1. Example 1: Parity Logic
   If $n$ is an odd integer, which of the following must be an even integer?
   (A) $n^2 + n + 1$
   (B) $2n + 1$
   (C) $n^2 + 3n$
   (D) $n + 2$
   Solution:
   1. Substitute a simple odd integer for $n$, such as $n = 1$.
   2. Test (A): $1^2 + 1 + 1 = 3$ (Odd).
   3. Test (B): $2(1) + 1 = 3$ (Odd).
   4. Test (C): $1^2 + 3(1) = 4$ (Even).
   5. Test (D): $1 + 2 = 3$ (Odd).
   6. The correct answer is (C). General rule: $\text{Odd}^2 + 3( \text{Odd}) = \text{Odd} + \text{Odd} = \text{Even}$.
2. Example 2: Remainder Theory
   When the positive integer $x$ is divided by 7, the remainder is 4. What is the remainder when $2x + 3$ is divided by 7?
   Solution:
   1. Pick the smallest possible value for $x$. Since $x \div 7$ leaves a remainder of 4, let $x = 7(0) + 4 = 4$.
   2. Substitute $x = 4$ into the expression $2x + 3$: $2(4) + 3 = 8 + 3 = 11$.
   3. Divide 11 by 7: $11 \div 7 = 1$ with a remainder of 4.
   4. The remainder is 4.
3. Example 3: Prime Factors
   If $k$ is a positive integer and $36k$ is a perfect cube, what is the smallest possible value of $k$?
   Solution:
   1. Find the prime factorization of 36: $36 = 6^2 = (2 \times 3)^2 = 2^2 \times 3^2$.
   2. For a number to be a perfect cube, the exponent of every prime factor in its factorization must be a multiple of 3.
   3. We have $2^2 \times 3^2 \times k$. To make the power of 2 a multiple of 3, we need one more 2 ($2^1$).
   4. To make the power of 3 a multiple of 3, we need one more 3 ($3^1$).
   5. So, $k = 2^1 \times 3^1 = 6$. Check: $36 \times 6 = 216$, which is $6^3$.

Practice Questions

Test your skills with these Medium SAT Number Properties Practice Questions. Ensure you read each constraint carefully.

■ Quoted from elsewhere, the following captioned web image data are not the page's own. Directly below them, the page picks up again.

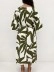 Elegant holiday dress with V-neck puffy sleeves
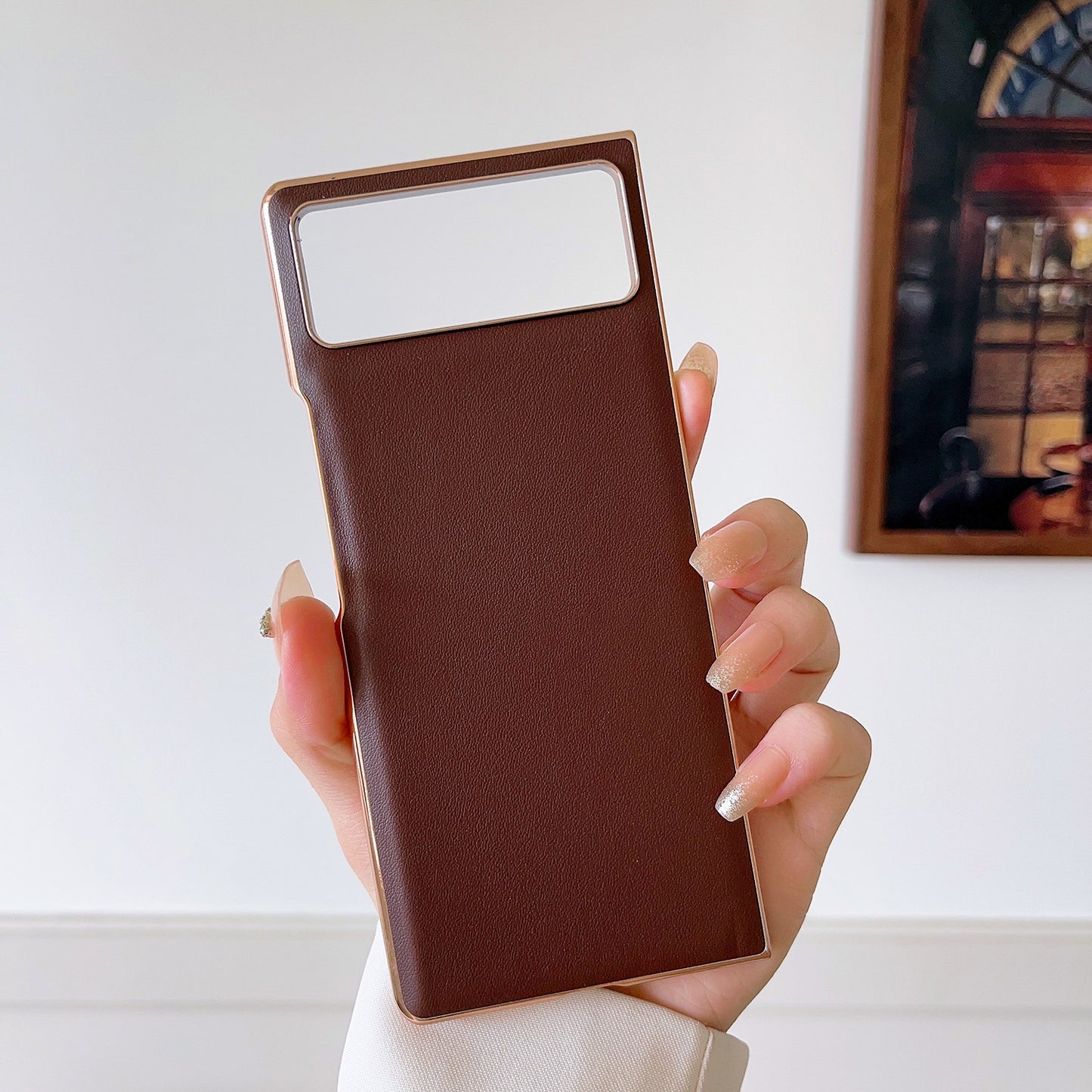 For Xiaomi Mix Fold 2 Genuine Leather Xiaoya Series Nano Plating Phone Case(Coffee)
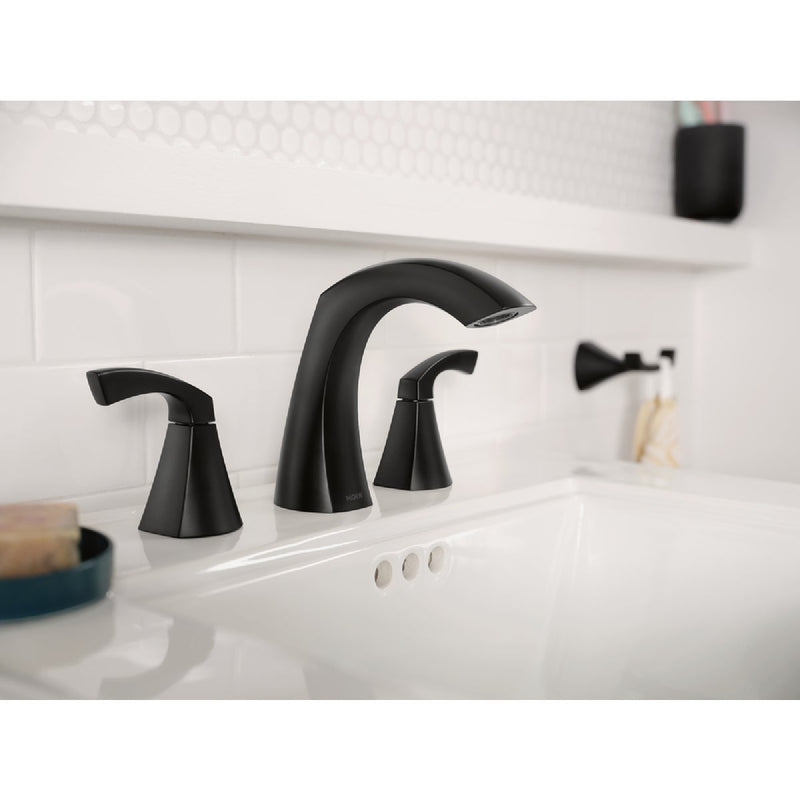 Moen Lindor 2-Handle Lever Widespread Bathroom Faucet, Matte Black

1. If $x$ and $y$ are positive integers such that $x$ is even and $y$ is odd, which of the following must be odd?
   (A) $xy$
   (B) $x^y$
   (C) $(x+1)y$
   (D) $x + 2y$
2. A set of five consecutive integers has a sum of 120. What is the greatest integer in the set?
3. When integer $n$ is divided by 8, the remainder is 5. What is the remainder when $n + 10$ is divided by 8?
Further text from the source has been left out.